The Tata Memorial Centre, the country’s leader in cancer care, is facing an acute blood shortage and on Sunday issued a public appeal for donations.
“We are facing a shortage of blood at the Tata Memorial Centre. Please step up to donate blood – its perfectly safe, and you’ll save lives,” the TMC’s plea on social media said.
Providing its blood bank phone numbers (022-24177000), it has also offered to go to housing societies to conduct blood donation drives.
TMC Director Dr C.S. Pramesh said that it runs hospitals in Mumbai, Navi Mumbai, Varanasi, Vizag, Guwahati, Sangrur, and Muzaffarpur, while another at Chandigarh will be operational by November, and said people can also go and donate blood at any of these locations.
“We would be very happy to organize camps in housing societies where there are a reasonable number of donors.
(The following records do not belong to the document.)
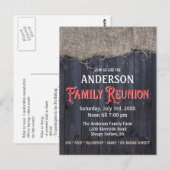 Rustieke Burlap en Barn Wood Familiereünie Briefkaart (Voorkant / Achterkant)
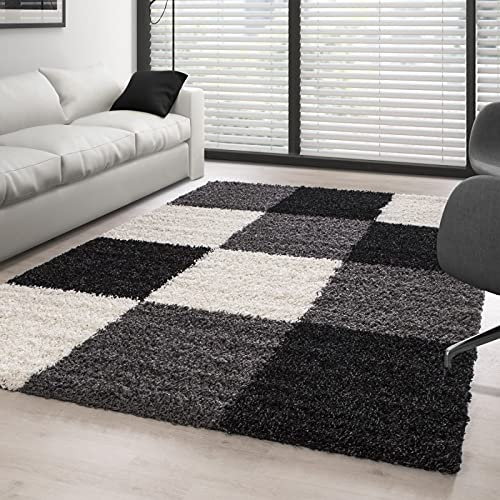 Ayyildiz Teppich Tapis à Poils Longs pour Salon ou Salon - Motif à Carreaux - Noir/Blanc/Gris - 160 x 230 cm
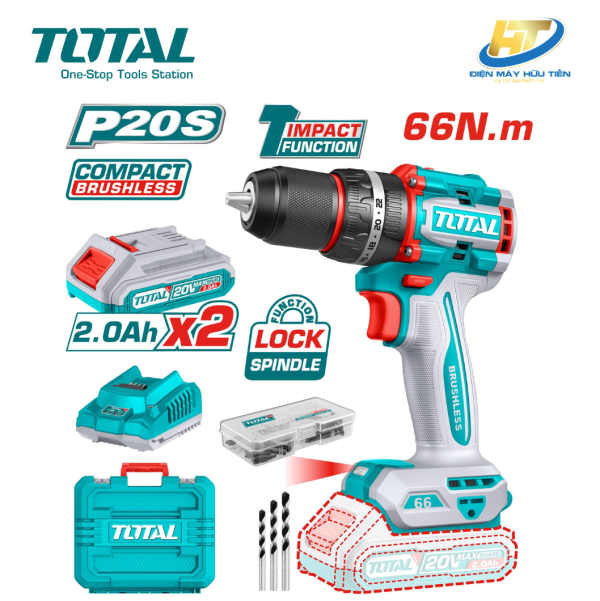 Máy khoan búa không chổi than Lithium-ion 20V TOTAL TIDLI20668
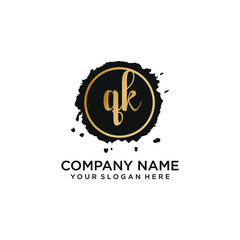 QK initial Handwriting logo vector template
We’ve done that right through the pandemic, with strict adherence to physical distancing and all precautions,” he assured.
During the past 18 months of the pandemic, several social organisations, political parties, corporates and even Janmashthami and Ganeshotsav mandals have regularly conducted blood donation camps to fill the yawning demand-supply gap.
The Tata Memorial Hospital was started by the Sir Dorabji Tata Trust in February 1941 as a centre with enduring value and a mission for concern for the people of India.
In 1952, the Indian Cancer Research Centre was established as a pioneer research institute for basic research, and was later named as Cancer Research Institute.
In 1957, it was taken over the Ministry of Health and later its administrative control was transferred to the Department of Atomic Energy in 1962, making it a classic example of private philanthropy augmented by government support mandated for service, education and research in cancer.